Please set down exactly the lines of the listing below from the line containing "Nepalese migrant workers" through the line containing "(On stage, from", both lines included, leaving out all other lines.

▶ Records shown:
^^^^^^^^^^^^^^^^
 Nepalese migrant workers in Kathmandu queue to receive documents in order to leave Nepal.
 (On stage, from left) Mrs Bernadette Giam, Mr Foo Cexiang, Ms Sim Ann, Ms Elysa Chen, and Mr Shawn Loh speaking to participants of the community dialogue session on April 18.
^^^^^^^^^^^^^^^^
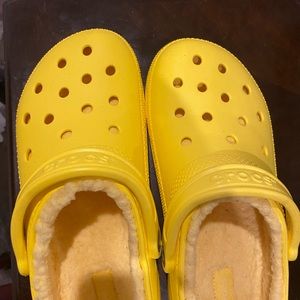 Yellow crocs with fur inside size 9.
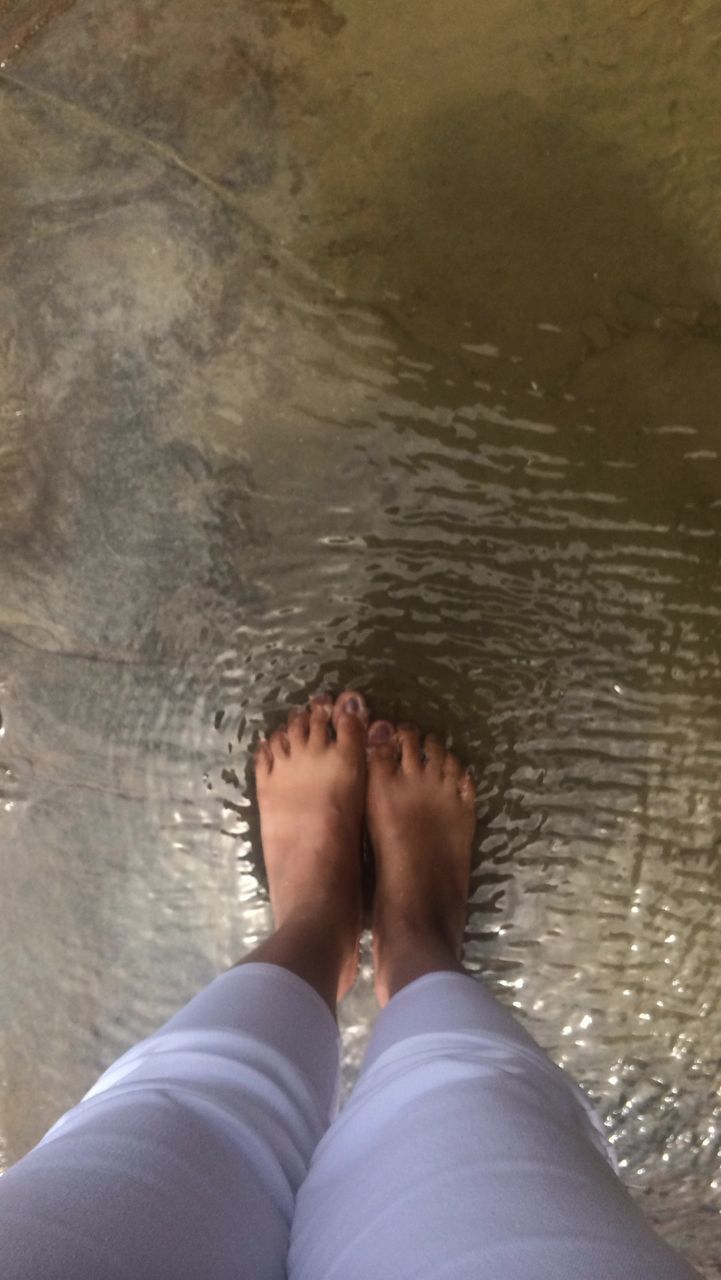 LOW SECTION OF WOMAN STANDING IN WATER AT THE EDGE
^^^^^^^^^^^^^^^^
▶ The completed task:
 Nepalese migrant workers in Kathmandu queue to receive documents in order to leave Nepal.
 (On stage, from left) Mrs Bernadette Giam, Mr Foo Cexiang, Ms Sim Ann, Ms Elysa Chen, and Mr Shawn Loh speaking to participants of the community dialogue session on April 18.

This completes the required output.